He gave her a weary kind of smile. “Oh, I will, don’t you worry about that.”

Clem squeezed his arm. She knew how he felt—tired down to her bones. From anxiety and too many days of emotional ups and downs and the mammoth effort it had taken to get her mom even this far. She kissed her mom’s cheek. “See you tomorrow. It’s so good to have you back in Marietta.”

Her mother’s smile was slightly lopsided but it was pure joy. “It’s good to be home,” she agreed, her speech slow and deliberate and a little slurred on the last word like it often got at the end of the day. It was perfectly intelligible, especially considering how difficult her speech had been at the start, but Clem could tell she was tired.

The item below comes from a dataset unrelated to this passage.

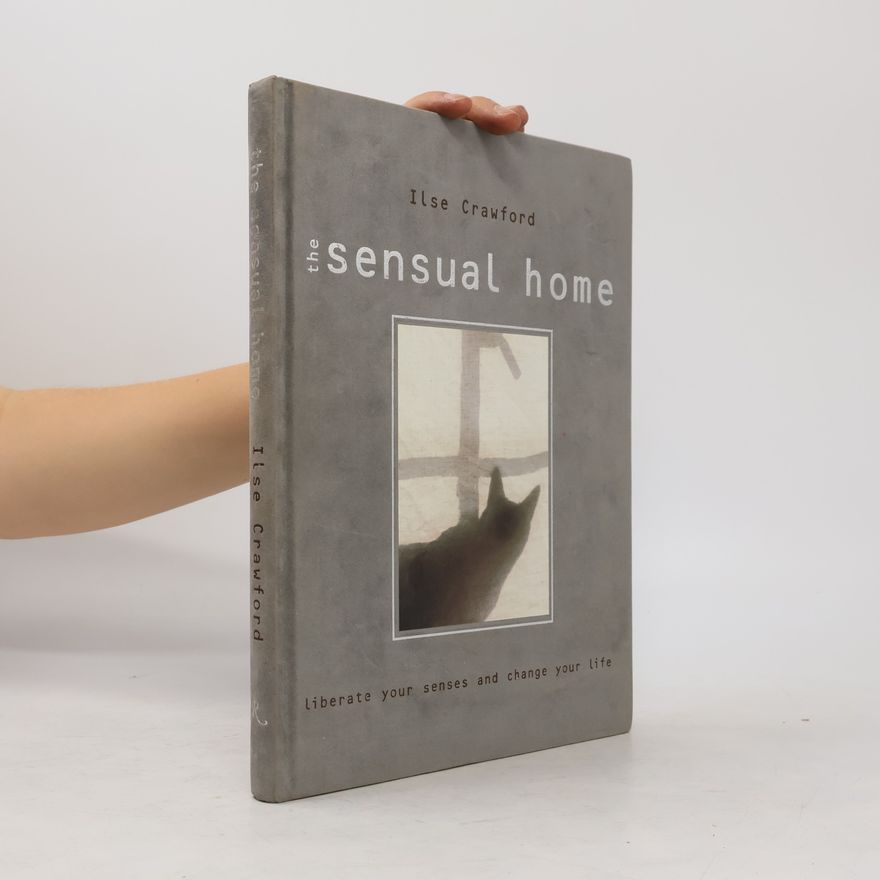 Ilse Crawford The Sensual Home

Happy for sure, but still tired.

*

Clem drove through the streets of Marietta, along Main Street all decorated up for the season change and Halloween and she realized she’d practically missed fall cooped up in Bozeman hospital. And how many days was it until excited little trick or treaters were running around her street? She squinted trying to remember—Sunday! In two days!

Man, where had October gone?

She should have been on a Greek island—sun, sand, blue skies as far as the eye could see. Maybe not hot but not chilly either. No bare branches everywhere she looked, no pumpkins and cobwebs. For sure, there wasn’t any other place Clem wanted to be right now but this whole episode had only reiterated how life could turn on a dime.

That it was finite. And there to be lived.

It was just after six and almost dark when Clem pulled up at the curb outside her house. Jude’s sporty little SUV he’d bought two weeks ago sat in the drive like it had always been there and a plume of smoke twirled out of the chimney and her heart went kerthump.

She’d come home only sporadically these past weeks but knowing he was going to be there when she did, had been, well… lovely, even if they had been a bit like ships passing in the night. During the day, she rarely saw him and at night she often didn’t get in until after ten. But there was always food to be had and a pot of coffee in the morning and knowing he was keeping an eye on things for her here had been one more weight off her mind.

Sure, she could have called on a dozen friends and neighbors for the same but the thought of him here in her house just… made her happy. Their friendship, which had once meant so much to her, was being reestablished—in spite of their little slipup—and she didn’t realize how much she’d missed him until he’d come back into her life.

The aroma of woodsmoke scented the air as she walked up the path pulling her carry-on-sized bag behind her for the last time. The porch was bare and she made a mental note to do something about the state of it tomorrow or she’d be evicted from the neighborhood. Looking around the nearby houses she could see pots of bright colored mums, pumpkins of all shapes and sizes—some already carved—along with cornstalks and scarecrows decorating porches.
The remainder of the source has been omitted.